There are two main methods for reading the lines of the file:
1. Readlines method
2. For-loop

#### 1. Readlines method:

This method reads all of the lines in the file and stores them in a list.

In [None]:
# open file
file_name = 'myfile.txt'
input_file = open(file_name, 'r')

In [None]:
# read all lines
lines = input_file.readlines()

In [None]:
lines

In [None]:
len(lines)

In [None]:
lines[2]

In [None]:
for line in lines:
    print(line)

In [None]:
for line in lines:
    print(line,end='')

In [None]:
# close file
input_file.close()

#### 2. For-loop:

Instead of reading all lines with the readlines function, we can read each line in a `for loop`.

In [None]:
# open file
file_name = 'myfile.txt'
input_file = open(file_name, 'r')

In [None]:
# read line-by-line
for line in input_file:
    print(line, end='')

In [None]:
line

In [None]:
# close file
input_file.close() 

E.g. the textfile `babynames2000s.txt` contains a list of the 200 most popular babynames in the 2000's. We can use a `for loop` to print all of the babynames.

In [None]:
# open file
fname = 'babynames2000s.txt'
infile = open(fname, 'r')

for line in infile:
    print(line)

# close file
infile.close()

Ps: Notice that a file can be read at once by using the built-in `read` method. However, this also reads the newline character. The file contents is therefore read as one long string. 

In [None]:
# open file
file_name = 'myfile.txt'
input_file = open(file_name, 'r')

In [None]:
# read file
line = input_file.read()
line

In [None]:
# close file
input_file.close()

## Writing text files:

We can write text files by changing the operation mode from `'r'` to `'w'` in the `open` function.

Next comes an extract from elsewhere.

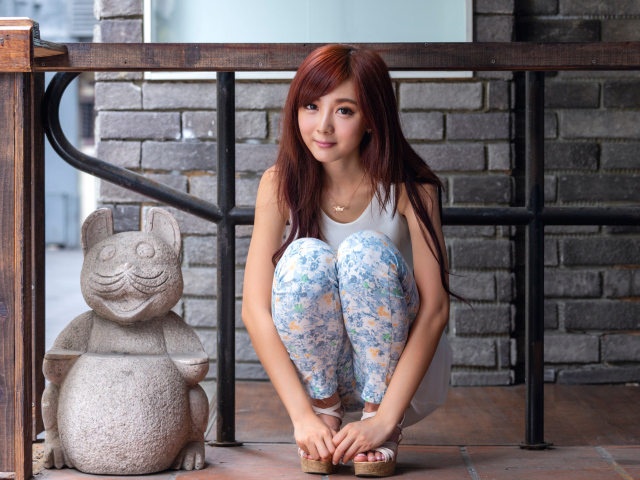 Милая девушка азиатка позирует со статуэткой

First, we must create an empty file.

In [None]:
output_file = open('myfile2.txt', 'w')

Second, the lines must be written to the file using the `write` method. Remember to add the newline character `\n` after each line.

In [None]:
output_file.write('I wrote this line.\n')
output_file.write('I wrote the second line.\n')
output_file.write('I wrote the third line.\n')
output_file.write('I wrote the fourth line.\n')

In [None]:
output_file.close() 

But if we try without the newline character \n

In [None]:
output_file = open('myfile3.txt', 'w')

In [None]:
output_file.write('I wrote this line.')
output_file.write('I wrote the second line.')
output_file.write('I wrote the third line.')
output_file.write('I wrote the fourth line.')

In [None]:
output_file.close()

Notice that if you want to add lines to an existing file, you must open the file in the `a` mode, which allows for **appending** lines at the end of the file.

In [None]:
output_file = open('myfile2.txt', 'a')

In [None]:
output_file.write('This is another line...\n')
output_file.write('...and another line.\n')

output_file.close() 

We can also copy from one file to another. 

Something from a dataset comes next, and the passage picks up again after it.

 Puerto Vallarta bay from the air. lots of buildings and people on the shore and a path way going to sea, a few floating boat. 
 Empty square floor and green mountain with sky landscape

First, we must open the file that we wish to copy from, and create an empty file to copy to.

In [None]:
input_file = open('myfile.txt', 'r')        # open existing file in read mode
output_file = open('myfile_copy.txt', 'w')  # open new file in write mode

Then we can copy line-by-line from the input file to the output file.

In [None]:
for line in input_file:
    output_file.write(line)

# remember to close both files
input_file.close()
output_file.close() 

## String traversal:

Once the file is read, we want to investigate the lines in the file.

In [None]:
input_file = open('myfile.txt', 'r')

We can loop over the lines and for instance count the number of characters in each line.

In [None]:
for line in input_file:
    length = len(line)
    print(f'The length of the line: {length}')
    
input_file.close()

However, often we want to investigate the *actual characters* in the lines.

We can loop over the characters in the last line and for instance count the number of blank spaces.

In [None]:
line

In [None]:
# initialize the counter
num_space = 0

# loop over each character in the line
for char in line:
    # if character is empty space...
    if char == ' ':
        # ...increment counter with 1
        num_space = num_space + 1

print(f'There are {num_space} number of spaces in this line.')

We can do this for each line in the text file by combining two for loops:

1. Loop over each line in the file.
2. For each line, loop over the characters in that line.

In [None]:
input_file = open('myfile.txt', 'r')

In [None]:
# loop over each line
for line in input_file:
    # initialize the counter
    num_space = 0
    # loop over each character in the line
    for char in line:
        # if character is empty space...
        if char == ' ':
            # ...increment counter with 1
            num_space = num_space + 1
    print(f'There are {num_space} number of spaces in this line.')

In [None]:
input_file.close()